** Opening Data block **

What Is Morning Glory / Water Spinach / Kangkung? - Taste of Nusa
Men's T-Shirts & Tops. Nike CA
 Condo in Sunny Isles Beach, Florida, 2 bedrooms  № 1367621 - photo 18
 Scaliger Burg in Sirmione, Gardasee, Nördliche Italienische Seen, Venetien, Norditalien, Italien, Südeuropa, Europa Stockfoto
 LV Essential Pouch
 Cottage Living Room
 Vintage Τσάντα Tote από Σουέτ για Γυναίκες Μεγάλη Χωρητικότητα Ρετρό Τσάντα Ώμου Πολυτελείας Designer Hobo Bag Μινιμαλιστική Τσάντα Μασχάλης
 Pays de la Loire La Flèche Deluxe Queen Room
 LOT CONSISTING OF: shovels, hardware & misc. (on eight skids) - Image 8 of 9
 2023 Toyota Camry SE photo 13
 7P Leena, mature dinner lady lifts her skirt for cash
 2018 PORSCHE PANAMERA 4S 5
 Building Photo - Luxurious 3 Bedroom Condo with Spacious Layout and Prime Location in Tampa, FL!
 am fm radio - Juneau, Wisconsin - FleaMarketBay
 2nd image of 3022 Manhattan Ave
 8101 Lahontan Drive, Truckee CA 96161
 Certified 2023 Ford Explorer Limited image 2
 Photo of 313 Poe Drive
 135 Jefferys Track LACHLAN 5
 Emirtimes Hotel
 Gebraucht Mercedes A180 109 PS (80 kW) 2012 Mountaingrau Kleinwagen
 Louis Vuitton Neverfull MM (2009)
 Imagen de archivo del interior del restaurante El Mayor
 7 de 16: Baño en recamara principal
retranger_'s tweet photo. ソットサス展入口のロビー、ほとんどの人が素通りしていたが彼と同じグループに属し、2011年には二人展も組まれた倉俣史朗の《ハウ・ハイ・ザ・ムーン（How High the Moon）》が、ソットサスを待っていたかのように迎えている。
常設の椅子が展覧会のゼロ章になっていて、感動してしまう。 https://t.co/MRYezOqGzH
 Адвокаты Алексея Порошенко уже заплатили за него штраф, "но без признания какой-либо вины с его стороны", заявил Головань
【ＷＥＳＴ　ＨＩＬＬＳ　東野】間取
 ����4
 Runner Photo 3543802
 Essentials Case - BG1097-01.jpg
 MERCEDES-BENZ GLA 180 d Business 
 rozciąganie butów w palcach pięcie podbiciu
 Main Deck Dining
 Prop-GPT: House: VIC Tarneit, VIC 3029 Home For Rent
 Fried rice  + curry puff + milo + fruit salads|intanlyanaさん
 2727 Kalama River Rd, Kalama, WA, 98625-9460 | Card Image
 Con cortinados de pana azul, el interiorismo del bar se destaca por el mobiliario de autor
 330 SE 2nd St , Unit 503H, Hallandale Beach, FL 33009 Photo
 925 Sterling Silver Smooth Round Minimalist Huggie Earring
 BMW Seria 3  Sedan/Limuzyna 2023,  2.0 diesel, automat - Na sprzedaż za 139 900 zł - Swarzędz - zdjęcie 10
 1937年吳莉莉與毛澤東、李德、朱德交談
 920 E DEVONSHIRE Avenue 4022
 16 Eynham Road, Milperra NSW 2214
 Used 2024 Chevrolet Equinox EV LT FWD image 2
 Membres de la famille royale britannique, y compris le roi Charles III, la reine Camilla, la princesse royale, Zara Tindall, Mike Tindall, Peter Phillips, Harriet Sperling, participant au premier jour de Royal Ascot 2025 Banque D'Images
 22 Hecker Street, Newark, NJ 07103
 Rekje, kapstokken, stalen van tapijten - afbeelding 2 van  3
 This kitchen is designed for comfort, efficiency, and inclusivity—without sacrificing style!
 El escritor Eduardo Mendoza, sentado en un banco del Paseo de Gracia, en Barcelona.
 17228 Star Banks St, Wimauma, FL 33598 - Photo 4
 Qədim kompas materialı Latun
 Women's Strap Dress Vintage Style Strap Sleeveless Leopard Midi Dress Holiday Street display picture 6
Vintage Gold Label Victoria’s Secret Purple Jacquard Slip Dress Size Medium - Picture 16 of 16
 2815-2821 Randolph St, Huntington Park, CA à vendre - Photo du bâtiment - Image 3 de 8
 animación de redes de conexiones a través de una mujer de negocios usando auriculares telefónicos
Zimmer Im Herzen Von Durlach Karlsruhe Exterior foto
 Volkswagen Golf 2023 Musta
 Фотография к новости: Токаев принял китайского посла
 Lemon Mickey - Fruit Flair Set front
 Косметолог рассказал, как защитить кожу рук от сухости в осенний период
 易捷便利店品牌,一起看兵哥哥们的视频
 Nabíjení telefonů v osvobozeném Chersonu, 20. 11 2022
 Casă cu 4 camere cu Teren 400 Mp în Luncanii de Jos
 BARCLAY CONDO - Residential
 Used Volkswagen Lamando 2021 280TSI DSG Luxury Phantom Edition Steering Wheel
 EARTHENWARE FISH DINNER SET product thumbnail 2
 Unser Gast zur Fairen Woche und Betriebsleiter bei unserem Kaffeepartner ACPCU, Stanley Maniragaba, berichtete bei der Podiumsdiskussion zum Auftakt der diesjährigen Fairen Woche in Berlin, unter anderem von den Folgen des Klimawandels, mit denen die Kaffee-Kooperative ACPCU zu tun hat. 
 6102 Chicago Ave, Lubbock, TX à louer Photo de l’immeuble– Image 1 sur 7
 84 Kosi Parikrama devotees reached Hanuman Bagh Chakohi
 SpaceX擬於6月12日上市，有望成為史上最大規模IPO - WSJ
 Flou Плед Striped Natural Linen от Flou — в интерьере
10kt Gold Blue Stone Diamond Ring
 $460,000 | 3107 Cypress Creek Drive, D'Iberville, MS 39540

** Closing Data block **

• [Exercise]:
Take the lines above from the one containing "Used 2024 Chevrolet" down to the one containing "Zimmer Im Herzen", and transcribe them exactly, both ends included.

• [Solution]:
 Used 2024 Chevrolet Equinox EV LT FWD image 2
 Membres de la famille royale britannique, y compris le roi Charles III, la reine Camilla, la princesse royale, Zara Tindall, Mike Tindall, Peter Phillips, Harriet Sperling, participant au premier jour de Royal Ascot 2025 Banque D'Images
 22 Hecker Street, Newark, NJ 07103
 Rekje, kapstokken, stalen van tapijten - afbeelding 2 van  3
 This kitchen is designed for comfort, efficiency, and inclusivity—without sacrificing style!
 El escritor Eduardo Mendoza, sentado en un banco del Paseo de Gracia, en Barcelona.
 17228 Star Banks St, Wimauma, FL 33598 - Photo 4
 Qədim kompas materialı Latun
 Women's Strap Dress Vintage Style Strap Sleeveless Leopard Midi Dress Holiday Street display picture 6
Vintage Gold Label Victoria’s Secret Purple Jacquard Slip Dress Size Medium - Picture 16 of 16
 2815-2821 Randolph St, Huntington Park, CA à vendre - Photo du bâtiment - Image 3 de 8
 animación de redes de conexiones a través de una mujer de negocios usando auriculares telefónicos
Zimmer Im Herzen Von Durlach Karlsruhe Exterior foto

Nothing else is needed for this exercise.